Interesting. I've seen plenty of people who say it works ok, but I just didn't have that experience. I ran the controller in docker, and the ER605 router would disconnect from the controller repeatedly, beyond the wifi issues we had all the time. Just not sure what was happening, and nothing in the logs to help figure it out. As long as it works for you, that's great. Always use what works best for you.
@@AwesomeOpenSource Stupid question, but did you upgrade the firmware on your omada devices. I have 12 Networks with Omada and Contoller running on a combination of Dockers, and Omada controllers. Not one of them has had an issue. I did see performace issues, Bugs and dropped wireless disappear after firmwear upgrades. I'm an MSP and I only use Omeda, Tp-Link, and Mikrotik. I also have one of the Omada systems using reolink cameras using wireless no issues. I would love to help out if i can. I also use a lot of Open Source in my work. Like you I try to avoid Non open source tools and software.
@@cwarehime I did. I’m kind of an update but actually. I don’t let my stuff get behind on updates very often. But in this case, yes, i did the updates as soon as they showed up as available. It’s all good for me. I’m still thinking about the OpenWisp2 option, if for no other reason than to learn a bit more about it.
Finally updated.
Awesome!
Why are you using open wrt instead of opnsense for your firewall?
Why are you using opnsense instead of nftables for your firewall? ;)
I started with OPNSense actually, but had a hard time getting it to play nicely with the VLAN setup. I went this route and fought with it, learning how to get it all setup and working, for several days. When I finally succeeded, I was happy with it. May go back at some point.
@@rahilarious Because PF
pfSense rocks. I may be naive in thinking it will be open source forever, but for now it's my go-to for firewalling. OpenWRT is fine for simple, standalone AP, WiFi networks, but pales in comparison to pfSense for firewalling.
OpenWRT is so lightweight it could probably work on a watch 😆. I prefer it over pfs. The one lacking thing on OWRT (imo) is the linear firewall rule-list. I would really love an object-based firewall system because my OWRT firewall rule list has grown dirty.
pfsense, unifi Wifi with a self hosted controller.
Done.
Yeah, I just really prefer the open source tools at this point. Happy you're using pfSense though.
DFS was causing WiFi outages?

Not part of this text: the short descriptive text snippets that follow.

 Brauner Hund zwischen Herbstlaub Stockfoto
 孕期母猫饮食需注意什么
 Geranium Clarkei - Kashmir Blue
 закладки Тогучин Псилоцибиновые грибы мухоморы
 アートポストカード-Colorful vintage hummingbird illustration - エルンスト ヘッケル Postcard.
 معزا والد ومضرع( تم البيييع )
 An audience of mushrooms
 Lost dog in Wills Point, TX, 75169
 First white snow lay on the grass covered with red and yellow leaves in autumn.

TP-Link has almost no configuration around it.
OpenWRT allows you to configure it "your" way.
Don't know about DFS, but the tP-link stuff with Omada had tons of options, but just didn't work no matter how much I tweaked, it just dropped multiple times a day. Omada had a "smart" wifi mode that tried to figure out the best channels and frequencies based on other wifi around it, but didn't really make any difference.
@@AwesomeOpenSource got it. I think Omada should have a decent log. Might be easy think to check.

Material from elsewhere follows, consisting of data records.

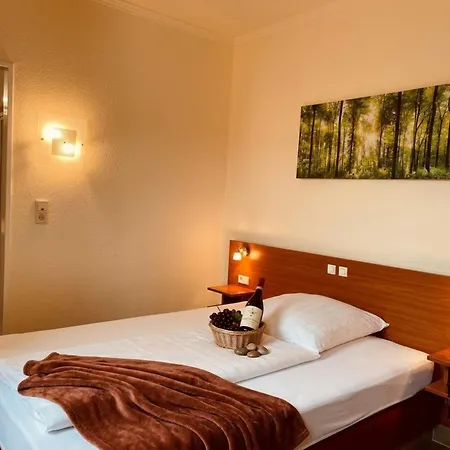 Hotel Falk-2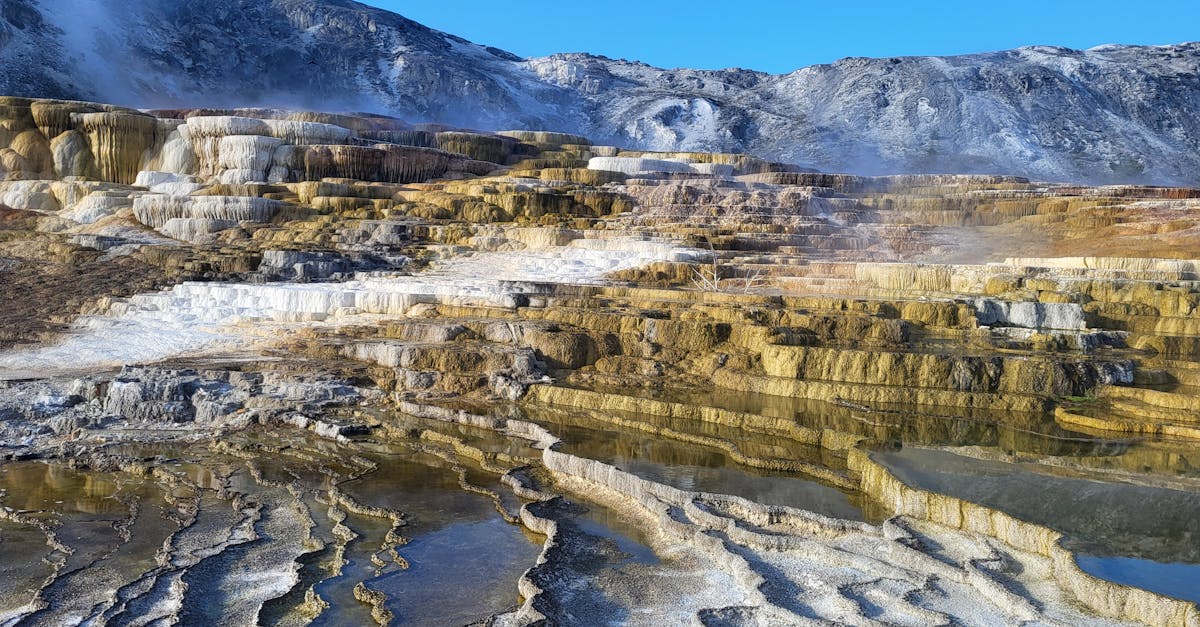Casos concretos que ilustram o absurdo da nova multa ecológica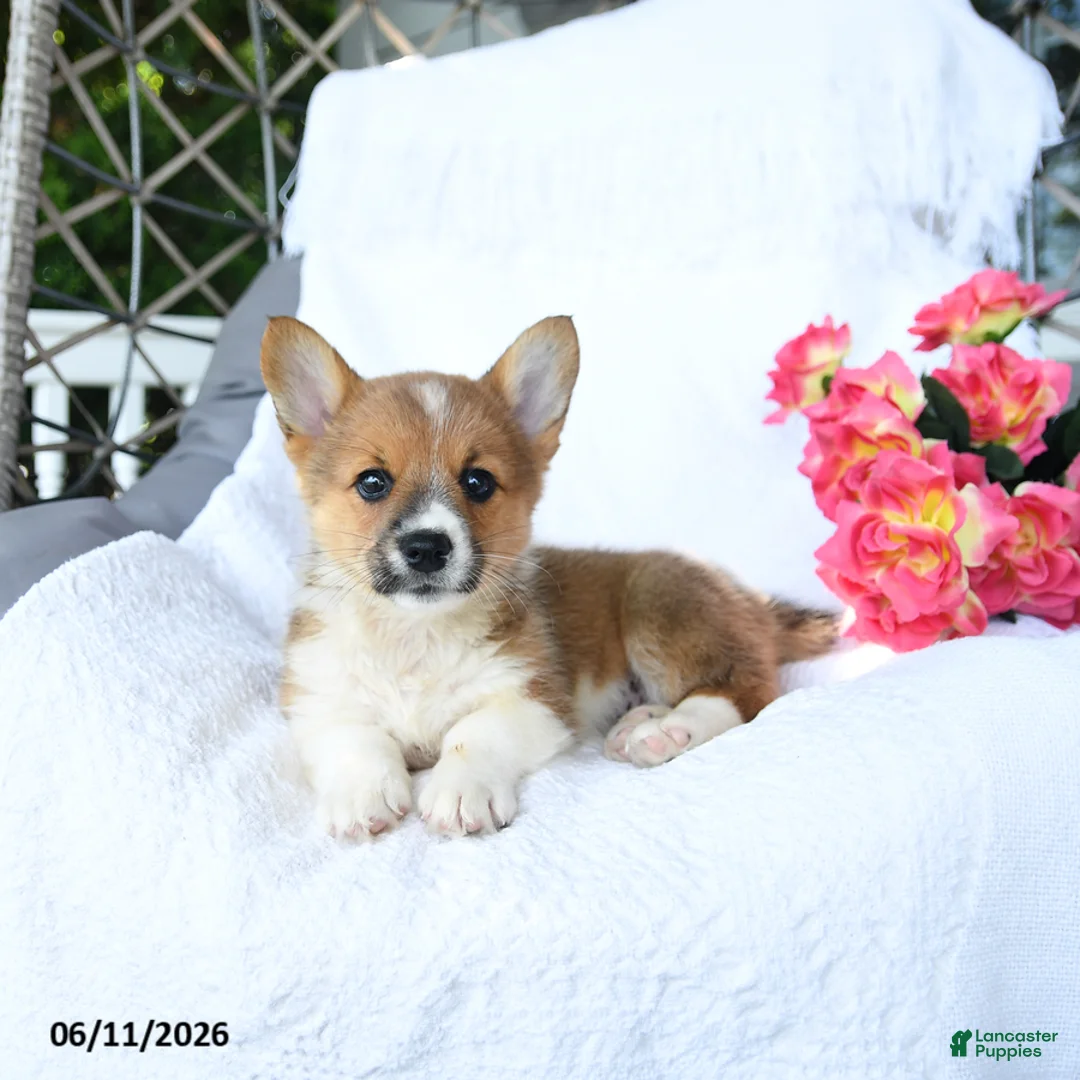 Welsh Corgi Pembroke dogs for sale: Kora - Ad 5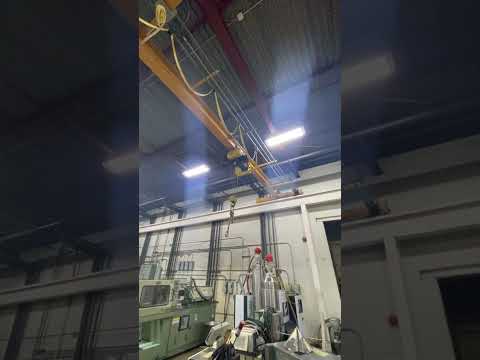 NELSON 2 ton crane CRANES | INJECTION DEPOT GROUP (1)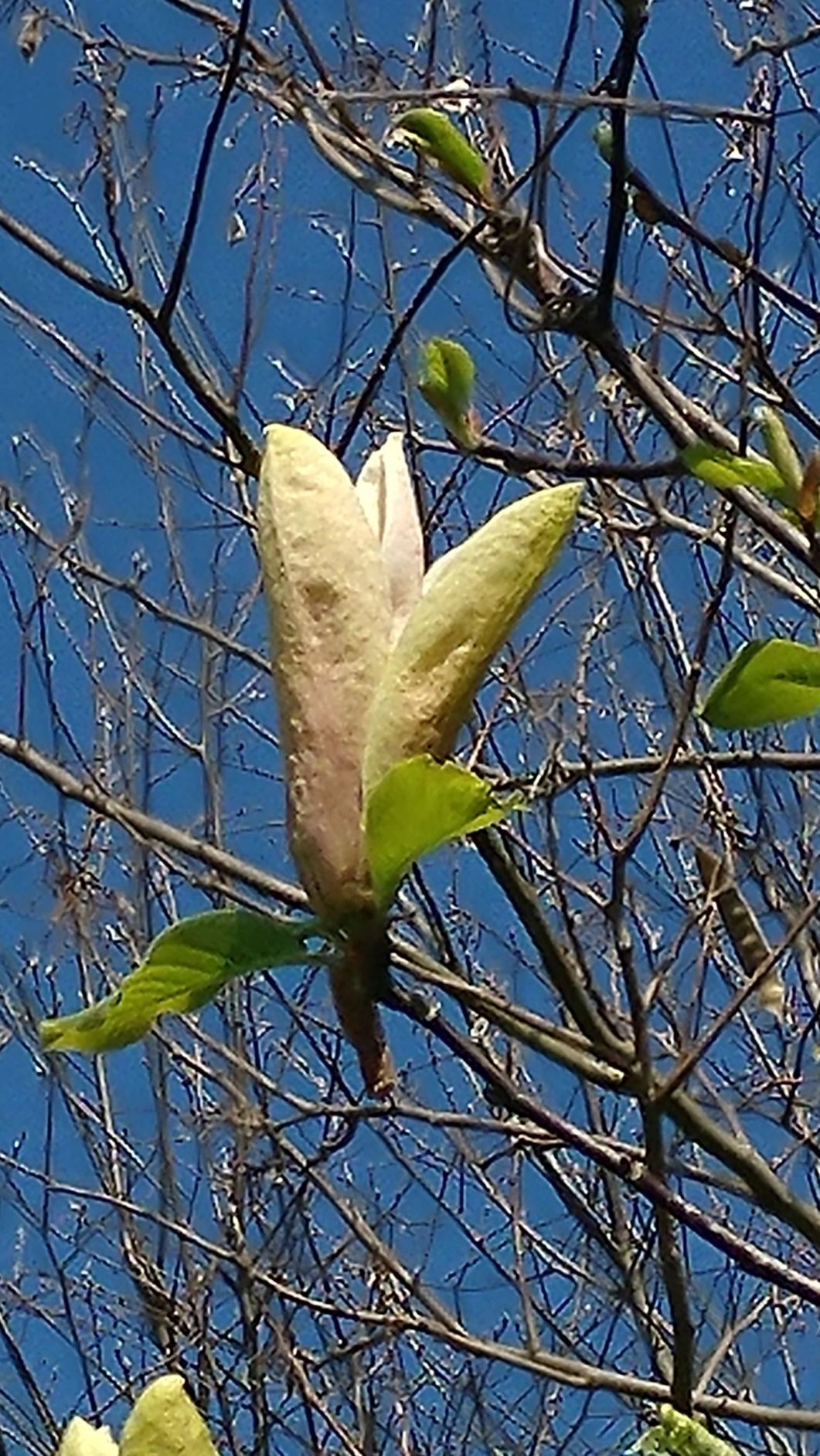 Magnolia ('First Love' × 'Rose Marie') × M. 'Sunsation' - hybrid magnolia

"20sec of silence" was exactly my case with DFS.
Hypothetically for indoors you can choose a different country (w/o DFS restrictions), lower the power and try to get more statistics on the same channels.
Omada does have logging, but everytime I checked there was nothing in the logs. It was just such a weird issue. I haven't seen it in two weeks (knock on wood) since finishing my OpenWRT setup with the same hardware other than the main router....so just not sure.